Of about half a dozen different usb card readers, I have two that show up as usb boot devices on my system's boot selector menu and I have only two computers out of about seven which offer the capability to boot from usb devices... for example, my Sony Vaio Picturebook will boot via usb, but it will only recognize one specific usb floppy drive as a valid boot device.

With those two bootable SD readers, I can then use different boot configurations stored on different SD cards to boot the pc.

Tip... disconnect all usb devices except a card reader and follow your box's alternate boot steps... if the reader is bootable, it will show in the boot device menu under an interesting variety of device names.

Beverly Howard [MS MVP-Mobile Devices]

Reply to
Beverly Howard [Ms-MVP/MobileDev]

Belkin card reader.

I think it may have been when the MBR was damaged windows reformatted it this way. Sorry for any confusion or generalisations, it might only be my box that was playing up.

Ross

Reply to
Ross Marchant

What about USB and Firewire disks?

Paul

Reply to
Paul Black

They're not "removable".

-- Grant Edwards grante Yow! Hmmm... a CRIPPLED at ACCOUNTANT with a FALAFEL visi.com sandwich is HIT by a TROLLEY-CAR...

Reply to
Grant Edwards

Depends on the disk. What about ZIP disks?

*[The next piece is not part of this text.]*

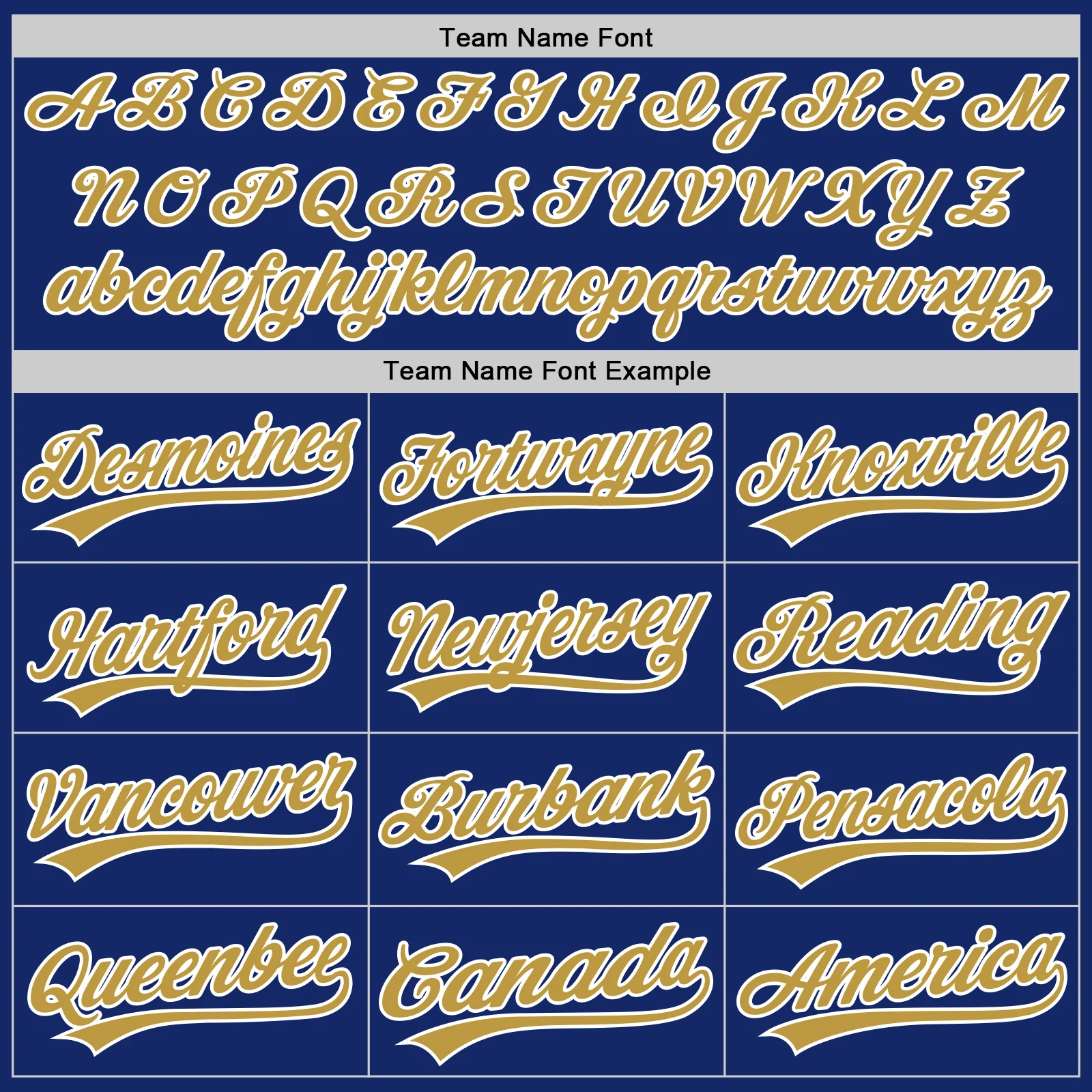 Custom Stitched Royal Old Gold-White Baseball Pullover Sweatshirt Hoodie - Image 3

My cheapo USB-to-laptop-drive adapters mount as a removable drive (they show the "socketed drive" icon and have an Eject option on the context menu).

Reply to
larwe

Right. For some reason I thought we were talking about USB and Firewire hard-drives. Other types of USB mass-storage show up as removable (Zip disks, CF readers, etc.).

--
Grant Edwards                   grante             Yow!  MERYL STREEP is my
                                  at               obstetrician!
                               visi.com
Reply to
Grant Edwards

Exactly. Saw this personally on Iomega ZipDrive.

--
Maxim Shatskih, Windows DDK MVP
StorageCraft Corporation
maxim@storagecraft.com
http://www.storagecraft.com
Reply to
Maxim S. Shatskih

Ok, so does it make sense that the MBR, (ie. everything leading up to the LBR), is all 0's on my SD cards? The were formatted as FAT32 under Win XP. Shouldn't the MBR contain some non-0 data?

-- Pete

Reply to
psommerfeld

First - CHS geometry on a flash card if a fake.

Second - CHS geometry on post-1995 hard disks is a fake too.

Third - in Windows, if the disk is not registered in BIOS, then Windows assumes S=63 and H=255, with a cylinder of 8MB. This is hard-coded to Windows Disk.sys driver.

Fourth - if the hard disk is registered in BIOS as LBA, then again S=63 and H=255.

--
Maxim Shatskih, Windows DDK MVP
StorageCraft Corporation
maxim@storagecraft.com
http://www.storagecraft.com
Reply to
Maxim S. Shatskih

It doesn't match with what I tried when I tested it (see rest of this thread) but others report the same behavior you mentioned.

What I got was a populated partition table with an AA55 boot signature at the end (in the first sector).

Oh! One thing I forgot - Some USB card-reader devices don't give you physical sector access to the disk; they appear, for want of a better phrase, on int 24h/int 25h only - not on int 13h. On these devices, you can't get at the MBR - all you see is the logical volume.

I don't know if they still make readers with this oddity.